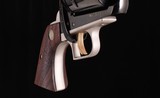 Ruger .44 Mag - NEW MODEL SUPER BLACKHAWK MAGNAPORT, 135 of 200, UNFIRED, vintage firearms inc - 8 of 10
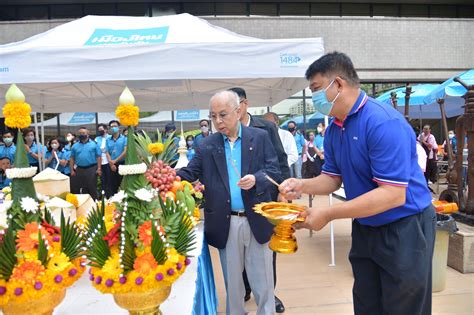 บริษัท เมืองไทยประกันภัย จำกัด (มหาชน) ที่อยู่ 252 ถ.รัชดาภิเษก แขวงห้วยขวาง เขตห้วยขวาง กรุงเทพฯ 10310. 88 ปี เมืองไทยประกันภัย จำกัด (มหาชน) หรือ MTI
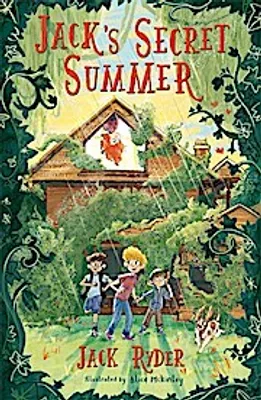 Immagine prodotto di Jack's Secret Summer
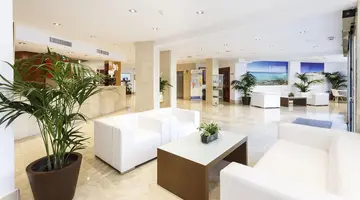 Hotel Globales Gardenia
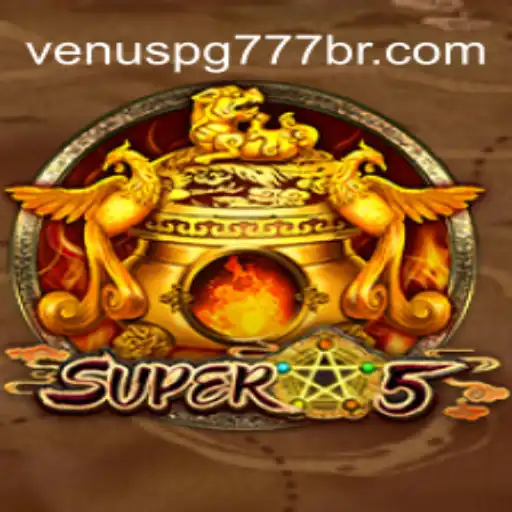 Unveiling Super5: An Exciting Gaming Experience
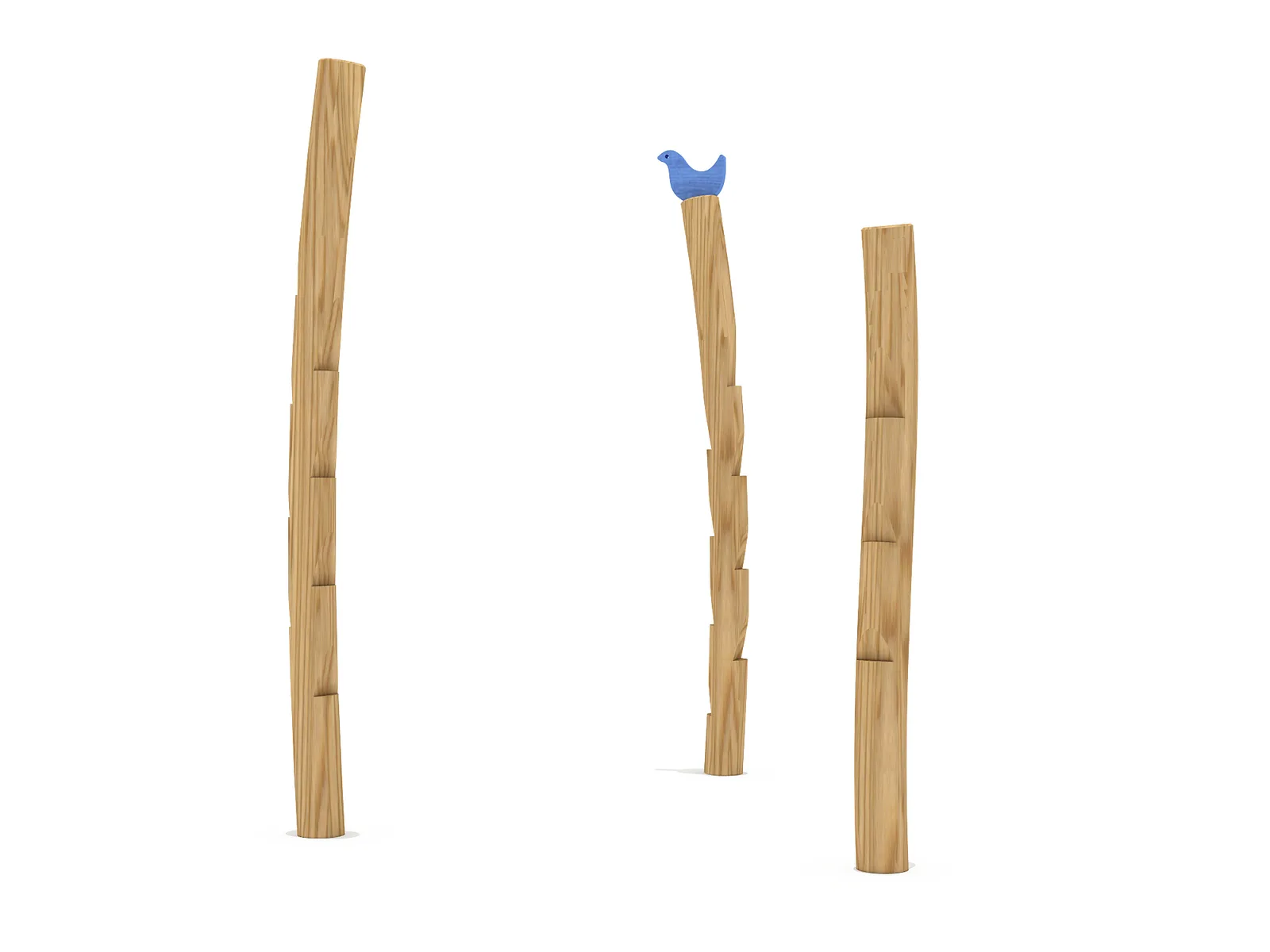 BA-08 솟대오르기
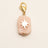 Charm Bohm Paris - Majestic - Rhodonite - Bohm Paris - Charms
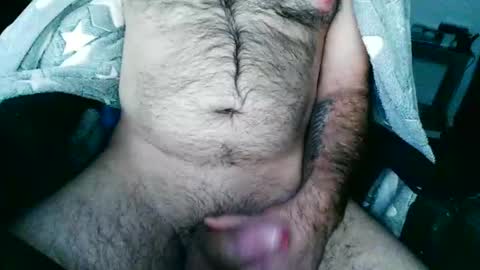 Snapshot of bobbysmith0419 chatting on 19, 1, 2025 HardGuy online show from 19, 1, 2025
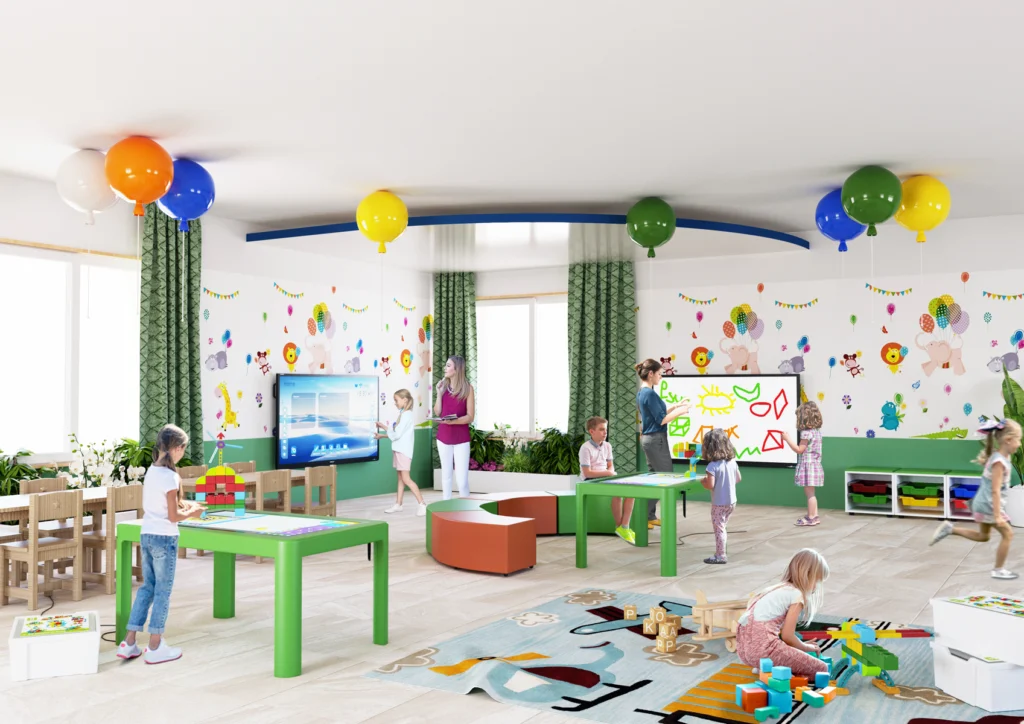 DLogic - Arredo Infanzia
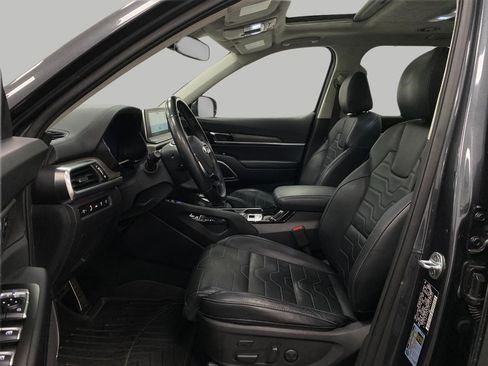 Used 2020 Kia Telluride SX w/ SX Prestige Package AWD/4WD image 34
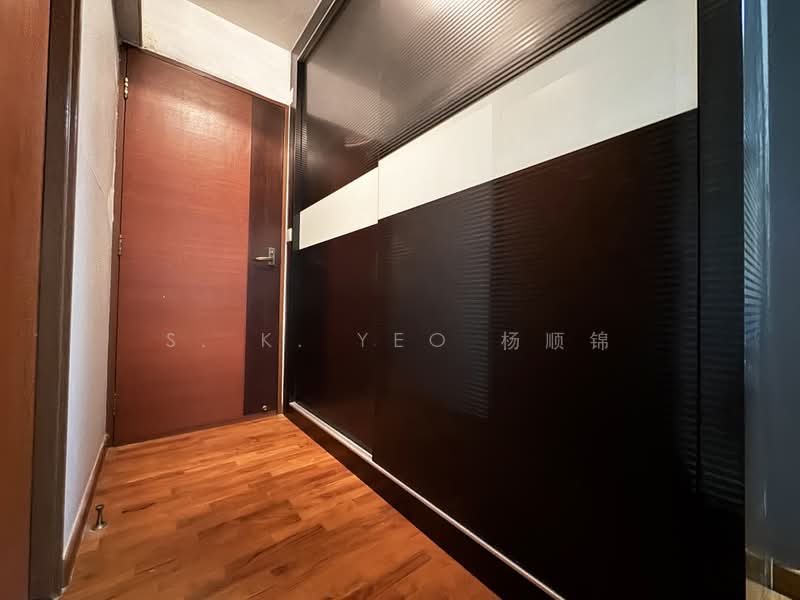 303C Punggol Central, 303C Punggol Central, 3 Bedrooms, 1,001 sqft, HDB Flat For Sale, by S. K. Yeo 杨顺锦, 500197658 - Entrance - PropertyGuru.com.sg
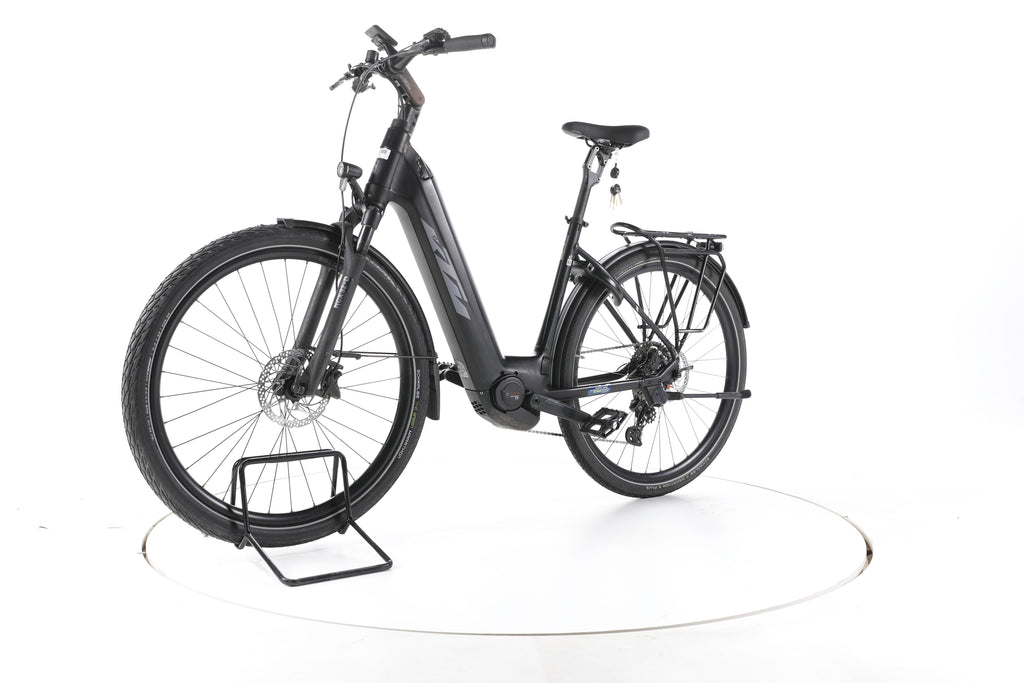 KTM Macina Style 730 Trekking E-Bike Tiefeinsteiger - Image 6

^^^^^^^^

#### Problem to work on
Without any pictures, return the material above exactly.

#### Written response
 Ruger .44 Mag - NEW MODEL SUPER BLACKHAWK MAGNAPORT, 135 of 200, UNFIRED, vintage firearms inc - 8 of 10
 บริษัท เมืองไทยประกันภัย จำกัด (มหาชน) ที่อยู่ 252 ถ.รัชดาภิเษก แขวงห้วยขวาง เขตห้วยขวาง กรุงเทพฯ 10310. 88 ปี เมืองไทยประกันภัย จำกัด (มหาชน) หรือ MTI
 Immagine prodotto di Jack's Secret Summer
 Hotel Globales Gardenia
 Unveiling Super5: An Exciting Gaming Experience
 BA-08 솟대오르기
 Charm Bohm Paris - Majestic - Rhodonite - Bohm Paris - Charms
 Snapshot of bobbysmith0419 chatting on 19, 1, 2025 HardGuy online show from 19, 1, 2025
 DLogic - Arredo Infanzia
 Used 2020 Kia Telluride SX w/ SX Prestige Package AWD/4WD image 34
 303C Punggol Central, 303C Punggol Central, 3 Bedrooms, 1,001 sqft, HDB Flat For Sale, by S. K. Yeo 杨顺锦, 500197658 - Entrance - PropertyGuru.com.sg
 KTM Macina Style 730 Trekking E-Bike Tiefeinsteiger - Image 6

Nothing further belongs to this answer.